In this week’s blog, we’re carrying on explaining the procedure in children cases.  You’ll find the first two parts of the series here: all about CAFCASS, and about the MIAM and making an application to court.

The First Hearing Dispute Resolution Appointment (or “FHDRA”)

The court will list a short hearing known as the FHDRA (often oddly pronounced ‘fuh-hed-ruh’), or sometimes called the conciliation appointment.  Usually, this comes before the lay justices in the family court, or possibly a district judge; higher levels of judge may get involved if the issues are particularly difficult.

Both of you, applicant and respondent, must attend the court hearing.  The court’s main aim here is to identify the areas of dispute, outline the issues on both sides and to decide what needs to happen to manage the case going forward.

Before the FHDRA takes place, a CAFCASS officer will carry out safeguarding enquiries (see here), which the judge or justices review on the day.  A CAFCASS officer will be around at court, and you should have the chance to discuss the situation with him or her, and possibly also see an in-court mediator to investigate whether other dispute-resolution methods might be useful.
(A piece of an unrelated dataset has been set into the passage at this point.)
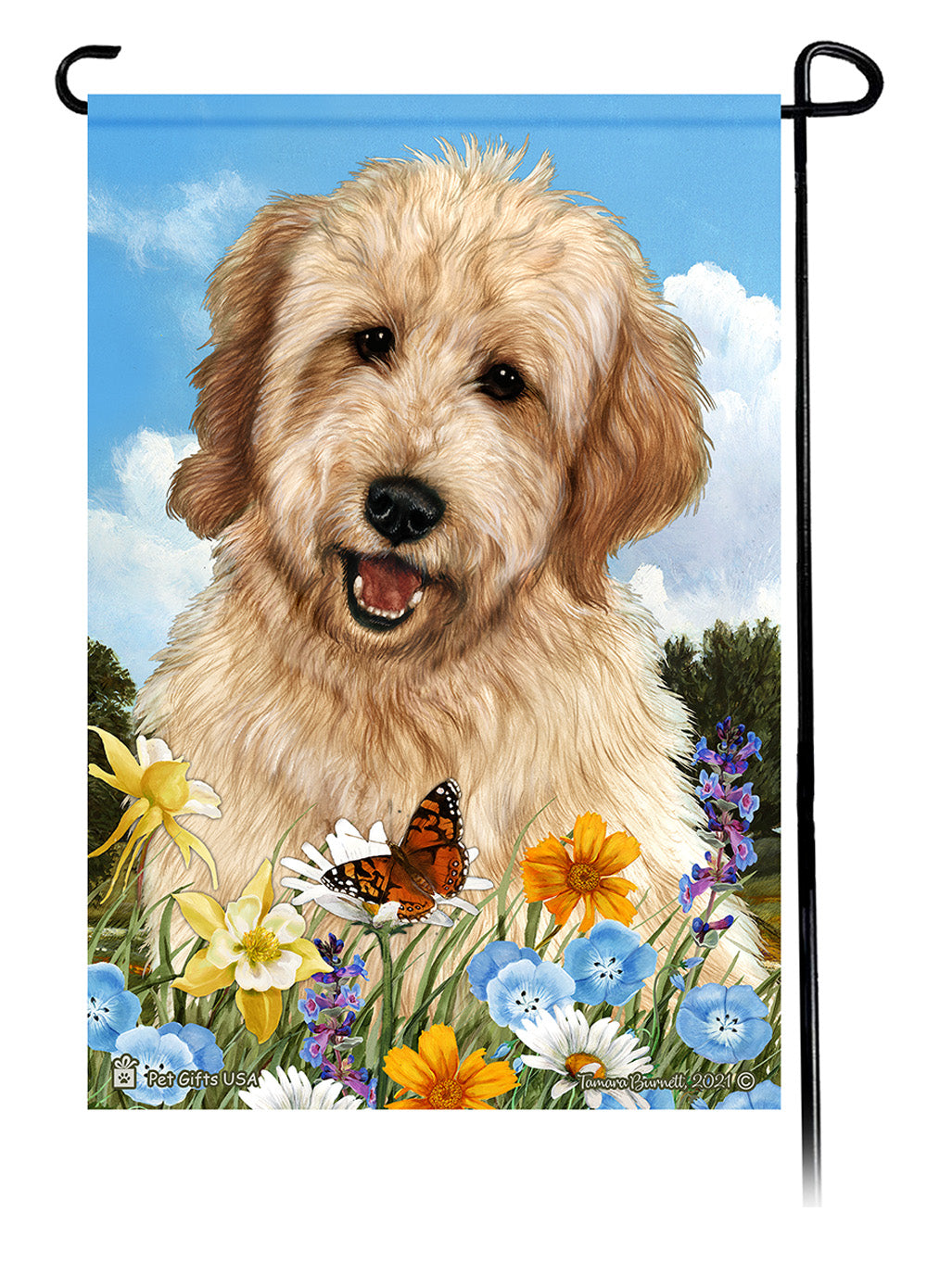 Goldendoodle Summer Flowers Garden Flag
During the hearing itself the court may try to broker an agreement, or may give an indication of what the court might consider to be in the children’s best interests.  Nobody should need to give evidence as a witness at this hearing, although there will be submissions – ie telling the court what you want and why.  If the two of you are able to agree on what should happen next, the court can make an order on the day, provided all the safety checks have been completed.  This order could be for an interim period, or it could be a final order.  Also, the court might order another hearing or give directions for the further conduct of the case.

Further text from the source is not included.